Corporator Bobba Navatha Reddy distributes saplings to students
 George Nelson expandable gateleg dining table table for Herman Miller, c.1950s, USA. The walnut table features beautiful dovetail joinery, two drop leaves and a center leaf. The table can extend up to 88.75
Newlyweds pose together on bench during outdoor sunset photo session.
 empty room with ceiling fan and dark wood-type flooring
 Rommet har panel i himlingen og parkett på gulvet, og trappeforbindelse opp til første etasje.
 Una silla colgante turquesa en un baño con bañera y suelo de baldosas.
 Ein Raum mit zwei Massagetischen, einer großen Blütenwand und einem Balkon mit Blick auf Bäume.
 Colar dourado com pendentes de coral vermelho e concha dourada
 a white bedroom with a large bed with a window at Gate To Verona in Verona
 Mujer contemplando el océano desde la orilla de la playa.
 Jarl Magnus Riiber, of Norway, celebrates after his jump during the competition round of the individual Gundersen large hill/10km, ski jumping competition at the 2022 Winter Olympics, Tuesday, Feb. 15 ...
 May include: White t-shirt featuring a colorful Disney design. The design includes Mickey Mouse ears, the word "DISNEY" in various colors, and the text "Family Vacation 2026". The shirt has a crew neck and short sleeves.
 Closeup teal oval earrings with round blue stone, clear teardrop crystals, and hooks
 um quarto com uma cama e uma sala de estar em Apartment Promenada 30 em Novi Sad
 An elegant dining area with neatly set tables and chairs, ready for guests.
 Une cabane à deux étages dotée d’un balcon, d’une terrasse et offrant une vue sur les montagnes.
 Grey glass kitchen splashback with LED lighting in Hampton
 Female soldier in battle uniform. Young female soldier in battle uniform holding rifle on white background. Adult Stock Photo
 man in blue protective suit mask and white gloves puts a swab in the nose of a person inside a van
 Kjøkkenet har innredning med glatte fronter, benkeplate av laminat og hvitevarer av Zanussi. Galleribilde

Assignment
Give every entry again, character for character.

Expected answer
Corporator Bobba Navatha Reddy distributes saplings to students
 George Nelson expandable gateleg dining table table for Herman Miller, c.1950s, USA. The walnut table features beautiful dovetail joinery, two drop leaves and a center leaf. The table can extend up to 88.75
Newlyweds pose together on bench during outdoor sunset photo session.
 empty room with ceiling fan and dark wood-type flooring
 Rommet har panel i himlingen og parkett på gulvet, og trappeforbindelse opp til første etasje.
 Una silla colgante turquesa en un baño con bañera y suelo de baldosas.
 Ein Raum mit zwei Massagetischen, einer großen Blütenwand und einem Balkon mit Blick auf Bäume.
 Colar dourado com pendentes de coral vermelho e concha dourada
 a white bedroom with a large bed with a window at Gate To Verona in Verona
 Mujer contemplando el océano desde la orilla de la playa.
 Jarl Magnus Riiber, of Norway, celebrates after his jump during the competition round of the individual Gundersen large hill/10km, ski jumping competition at the 2022 Winter Olympics, Tuesday, Feb. 15 ...
 May include: White t-shirt featuring a colorful Disney design. The design includes Mickey Mouse ears, the word "DISNEY" in various colors, and the text "Family Vacation 2026". The shirt has a crew neck and short sleeves.
 Closeup teal oval earrings with round blue stone, clear teardrop crystals, and hooks
 um quarto com uma cama e uma sala de estar em Apartment Promenada 30 em Novi Sad
 An elegant dining area with neatly set tables and chairs, ready for guests.
 Une cabane à deux étages dotée d’un balcon, d’une terrasse et offrant une vue sur les montagnes.
 Grey glass kitchen splashback with LED lighting in Hampton
 Female soldier in battle uniform. Young female soldier in battle uniform holding rifle on white background. Adult Stock Photo
 man in blue protective suit mask and white gloves puts a swab in the nose of a person inside a van
 Kjøkkenet har innredning med glatte fronter, benkeplate av laminat og hvitevarer av Zanussi. Galleribilde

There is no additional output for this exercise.